Les habitants n’en peuvent plus des nuisances liées à la prostitution

«Ici, on en a tous marre de cette situation. La nuit, on entend des cris qui nous empêchent de dormir et les enfants jouent juste devant l’immeuble où on peut apercevoir des prostituées à moitié nues!», raconte un habitant de la rue Guillermaux qui, avec ses voisins, envisage de rédiger une pétition pour que les choses changent. Pour les résidents du quartier situé à proximité du salon de massage, le drame survenu mardi soir est la goutte d’eau qui a fait déborder le vase.

A travers leurs témoignages, ils sont nombreux à dénoncer les nuisances qu’ils vivent au quotidien en résidant à proximité d’une maison où se pratique la prostitution. «Certains jours, il y a une trentaine d’enfants de moins de 12 ans qui jouent l’après-midi devant cette maison close. J’en ai vu qui faisaient des dessins à la craie de sexes, de seins et qui écrivaient le mot pute», déplore un autre habitant qui confie ne plus compter le nombre de fois où il a été réveillé par le vacarme provenant de la maison close. «C’est le Bronx ici. Il y a quelques années, une prostituée menaçait de se suicider sur le toit de l’immeuble, d’autres lancent des bouteilles sur leur client en plein jour en les traitant de sales. Je ne comprends pas comment la commune a pu laisser faire ça», poursuit-il en précisant qu’il compte lui aussi écrire à la municipalité.

Syndique de Payerne, Christelle Luisier Brodard se dit totalement consciente des problèmes que pose la prostitution au centre-ville. «Nous n’avons pas attendu que ce terrible drame humain se produise pour prendre les choses en main. Un règlement communal sur la prostitution est sous toit mais il doit encore être approuvé par la Police du commerce. Ensuite, nous présenterons un préavis dans le courant de l’automne si tout va bien», explique l’élue. La municipalité espère ainsi pouvoir mieux délimiter les lieux où la pratique de la prostitution sera autorisée ou en revanche interdite.

«A l’heure actuelle, on voit passer des demandes pour des salons de massage au centre-ville qu’on ne peut tout simplement pas interdire sur le plan légal», explique la syndique. Outre les nuisances, l’état de délabrement de certaines maisons abritant des prostituées pose également problème. «Les appartements sont loués à des prix élevés alors qu’aucune rénovation n’est entreprise sur ces bâtiments», déplore l’élue.

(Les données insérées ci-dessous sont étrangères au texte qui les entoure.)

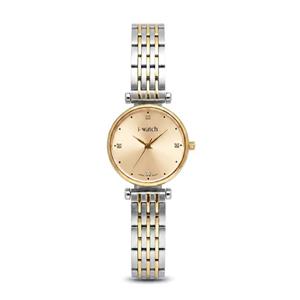 ساعت مچی زنانه آی واچ اورجینال ژاپن نقره ای طلایی مدل 190228L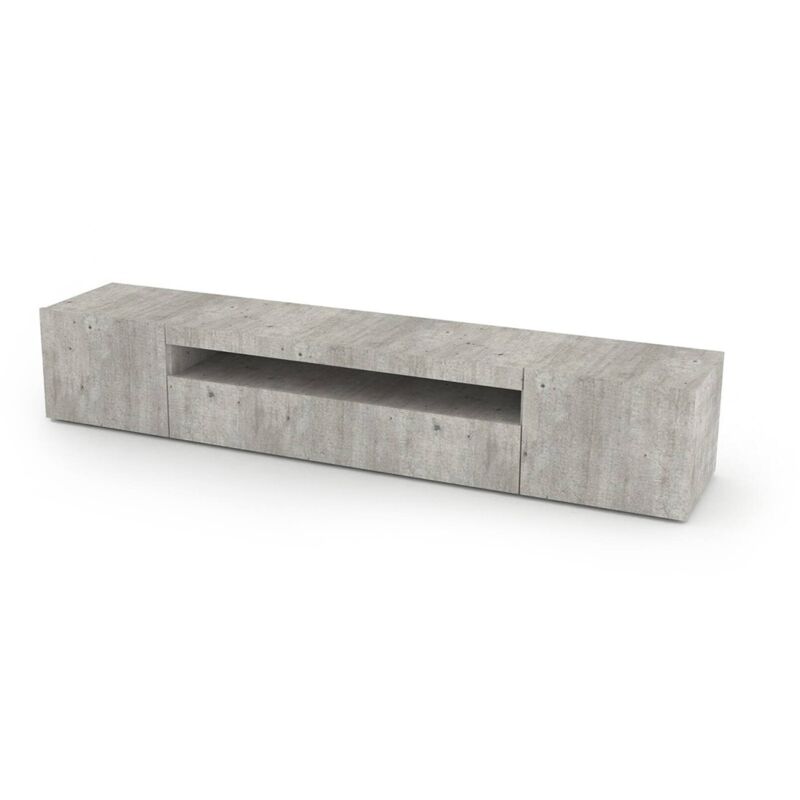 foto del prodotto dmora mobile da soggiorno porta tv, made in italy, supporto per tv da salotto a 3 ante e ripiani, cm 200x40h37, colore cemento, con imballo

Avec ce futur règlement, la commune espère pouvoir rediriger cette activité en zone industrielle loin des lieux publics. Le centre-ville de Payerne, haut lieu de la prostitution, sera-t-il pour autant débarrassé de tous ses salons de massage? «La volonté de la municipalité est qu’un maximum de ces lieux situés au centre-ville soient fermés, pas pour des questions de morale mais bien parce que cela pose problème au niveau de la qualité de vie de certains Payernois. Maintenant, pour les situations déjà acquises, je ne peux pas encore me prononcer définitivement. On verra dans quelle mesure le règlement nous permettra d’agir», précise toutefois Christelle Luisier Brodard.